|
Home > Archive > Unix Programming > March 2007 > recv() sends extra garbage bytes
You are viewing an archived Text-only version of the thread.
To view this thread in it's original format and/or if you want to reply to
this thread please [click here]
| Author |
recv() sends extra garbage bytes
|
|
| chsalvia@gmail.com 2007-03-27, 7:16 am |
| I have a C program running on Linux/UNIX that sends data over a
network using the SOCK_STREAM protocol. One computer sends and
another receives. The incoming data is prefixed with a 4 byte
integer containing the size of the message.
Problem: I've noticed that very rarely, the receiving computer will
receive additional garbage bytes in the receive buffer. I'm not
exactly sure why this happens. To fix this, I used a decreasing
receive buffer size on each call, to match the remaining bytes on the
message, rather than the usual fixed "buffersize" value I normally
pass to receive. But I've never seen this technique done anywhere
else. Usually, people just specify some fixed buffer size value for
the recv() function, and the recv function never sends any more data
than it receives from the socket anyway. But if I do this, I receive
garbage data sometimes.
Here is what I'm doing:
int recv(int new_socket, void* buffer)
{
uint32_t recv_size;
/* Read 4 bytes to obtain size of recv'd data */
switch (recv(new_socket, buffer, sizeof(uint32_t), 0)) {
case -1: return SOCKET_ERR;
case 0: return CLOSE_SOCKET;
default: memcpy(&recv_size, buffer, sizeof(uint32_t));
}
uint32_t rem_bytes = recv_size - sizeof(uint32_t);
uint32_t recvd_bytes;
/* Receive rest of the data */
do {
switch (recvd_bytes = .recv(new_socket, buffer, rem_bytes,
0)) {
case -1: return SOCKET_ERR;
case 0: return CLOSE_SOCKET;
default: break;
}
rem_bytes -= recvd_bytes;
} while (rem_bytes != 0);
}
The literature on recv indicates that you should pass a constant value
to the recv() function to indicate the maximum number of bytes to
receive, like:
recv(sock, buffer, MAX_BYTES, 0);
....rather than the decreasing rem_bytes value I used above, since recv
is supposed to only receive exactly what was sent and nothing more,
regardless of what value you pass as MAX_BYTES. Plus, I assume that
even with the above method, the undesirable garbage bytes will stay in
the stream and simply be returned the next time I call recv().
So why am I receiving extra garbage data with recv()?
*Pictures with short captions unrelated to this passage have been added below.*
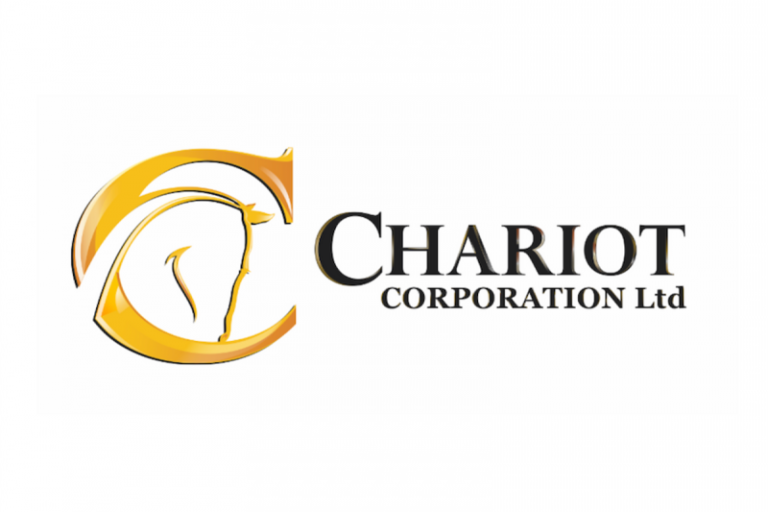 Chariot and Mustang Lithium LLC Repossess Horizon and Halo Lithium Projects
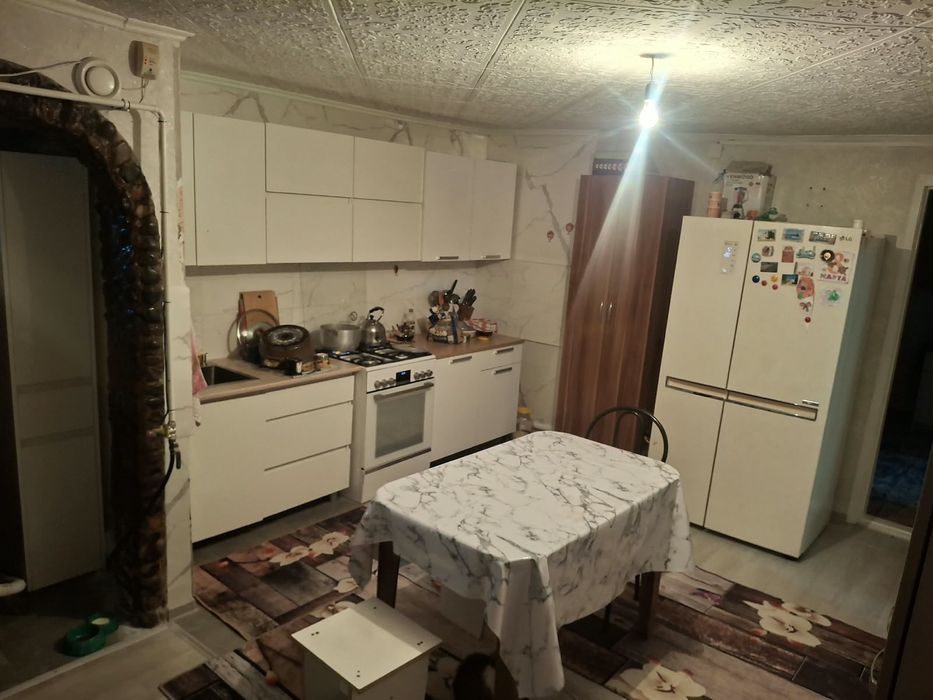 Продам дом  Торг есть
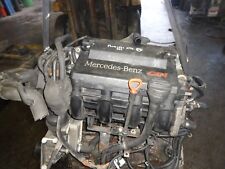 Mercedes vito cdi gebraucht kaufen  Ergoldsbach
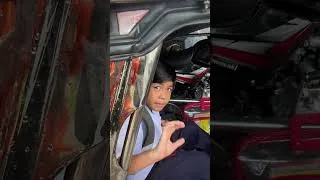 Thumbnail: Late upload ulit guys, kasi tagal nila wlang pasok dahil sa ngdaang bagyo, bless us always papa God,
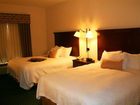фото отеля Hampton Inn & Suites The Villages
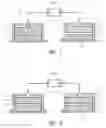 Fig. 02 - External preparation, method of applying external preparation, iontophoresis device, and percutaneous patch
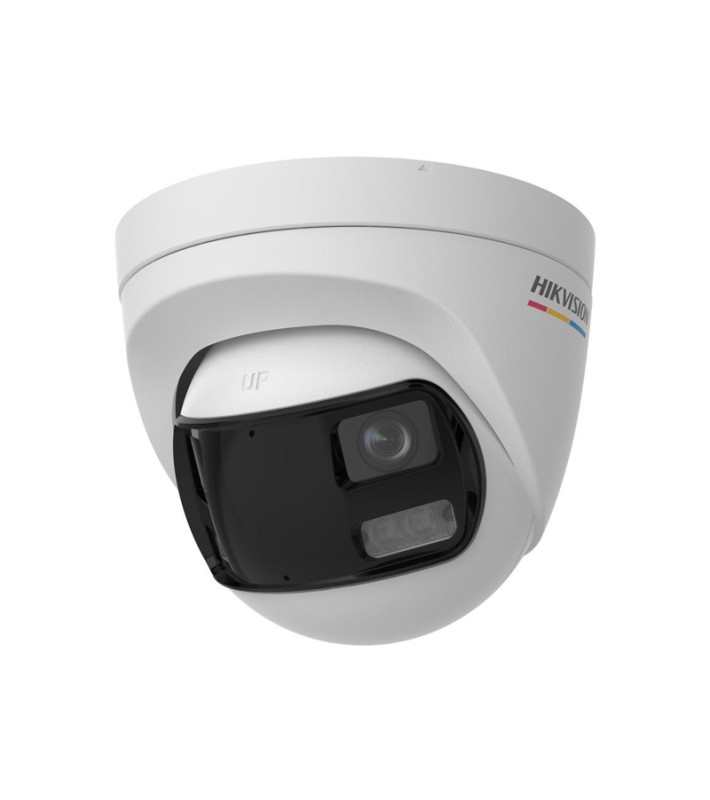 HIKVISION DS-2CE72KF3TP-DLS(180°) HIKVISION DS-2CE72KF3TP-DLS(180°)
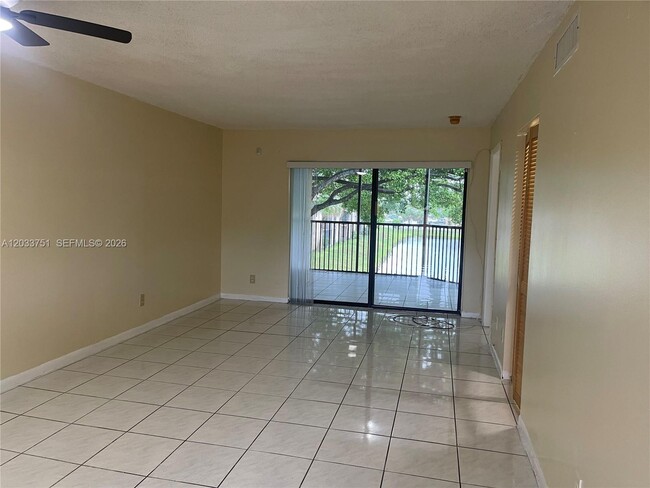 Photo - 3252 Foxcroft Rd Unit 307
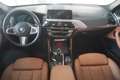 BMW X4 xDrive20i Schwarz - thumbnail 11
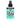 Doux O.P.P. One Pass Heat Protectant Spray 4 Oz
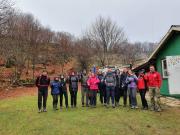 WhatsApp-Image-2021-11-27-at-171909-1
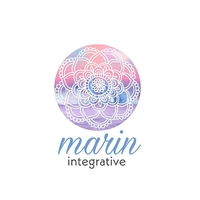 Marin Integrative Therapy, LLC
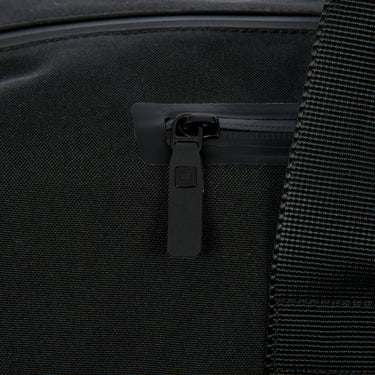 Porsche Design Urban Eco - Weekender 51 cm (black) - Markenkoffer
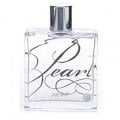 Pearl (Eau de Parfum) by Apothia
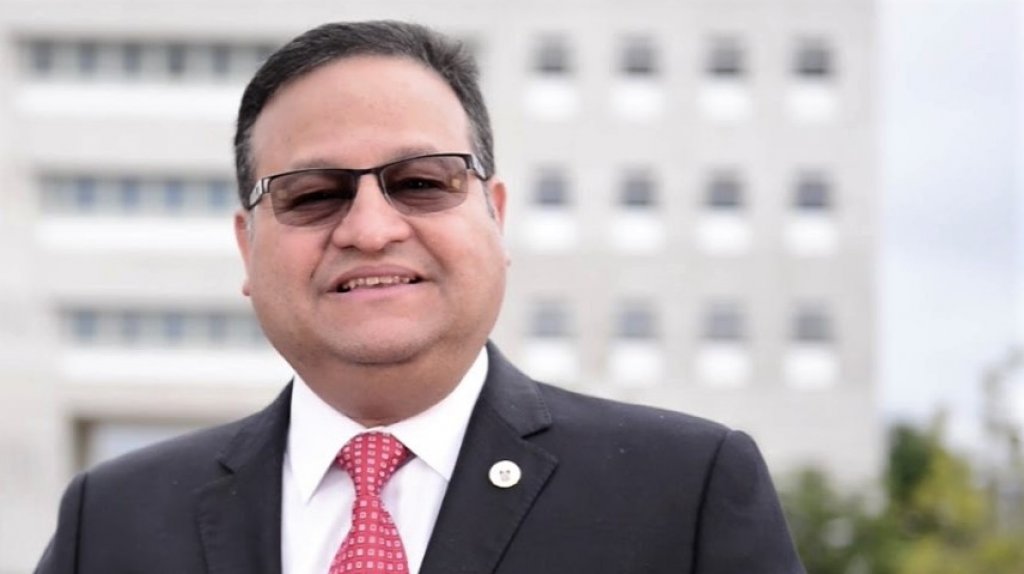  Municipio de Caguas refuerza la lucha contra la violencia de g&eacute;nero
Is this just
something that happens from time to time over networks?
| |
| Frank Cusack 2007-03-27, 7:16 am |
| On 26 Mar 2007 23:56:41 -0700 chsalvia@gmail.com wrote:
> int recv(int new_socket, void* buffer)
> {
> uint32_t recv_size;
>
> /* Read 4 bytes to obtain size of recv'd data */
> switch (recv(new_socket, buffer, sizeof(uint32_t), 0)) {
1. I didn't think you could name your function recv and then also call
the system recv. But looking at code below, I guess this is C++.
2. I would have to see the rest of the code, but buffer may not be
aligned properly.
> case -1: return SOCKET_ERR;
> case 0: return CLOSE_SOCKET;
> default: memcpy(&recv_size, buffer, sizeof(uint32_t));
You are not guaranteed to have received 4 bytes of data (since new_sock
is a SOCK_STREAM socket).
> }
>
> uint32_t rem_bytes = recv_size - sizeof(uint32_t);
If you did not receive 4 bytes, you just hosed yourself.
> uint32_t recvd_bytes;
>
> /* Receive rest of the data */
> do {
> switch (recvd_bytes = .recv(new_socket, buffer, rem_bytes,
Looks like a typo here (.recv). It's always best to copy&paste the
exact code you are using (or an exact test case) for best answers.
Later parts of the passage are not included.